They couldn’t get back to town in the damaged iceboat. They managed to beat their way to John Bromley’s wharf, and then Billy ran all the way home and brought back the motor car, in which to transport the girls to their homes.

“That mean Barrington Spink!” exclaimed Lettie. “He’s just gone past in his boat. We saw him stop for some time up there by Island Number One.”

And later the Speedwell boys had reason to remember this statement. When they went to bed that night Dan searched his coat pocket in vain for the plans and specifications of the new motor-iceboat.

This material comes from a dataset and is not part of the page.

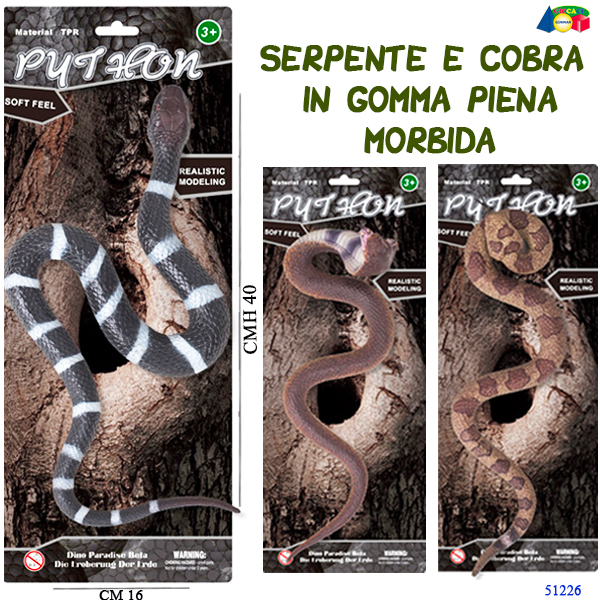 SERPENTE COBRA/PITONE MORBIDO — immagine 1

“Lost them—by jolly!” gasped Billy. “Where?”

Dan couldn’t be sure of that; but he had his suspicions. He remembered clearly removing his coat where they had had the accident at Island Number One. The envelope might have fallen from his coat pocket.

So anxious were the boys that they went up the river road the next day after Sunday school, and walked across the ice to the island. There were no boats on the river, but they saw the marks of their own and the White Albatross’s runners on the ice at the head of the island.

So, too, did they find the torn envelope in which the plans had been; but Dan’s drawings and specifications were not in it.

Who had got the plans? Was it Spink, when he stopped on his way down the river in the White Albatross? Or was it the mysterious occupant of the island whom the boys had dubbed “Dummy”?

The question not alone puzzled Dan and Billy; they were both troubled vastly by the loss of the drawings. A good mechanic could easily get the principle of Dan’s invention and—perhaps—build a boat similar to the one the Speedwells were constructing.

Under Billy’s earnest urging Dan agreed that they should search the island for some trace of the boy who could not talk; but they made absolutely nothing out of it. Not even a smell of smoke this time.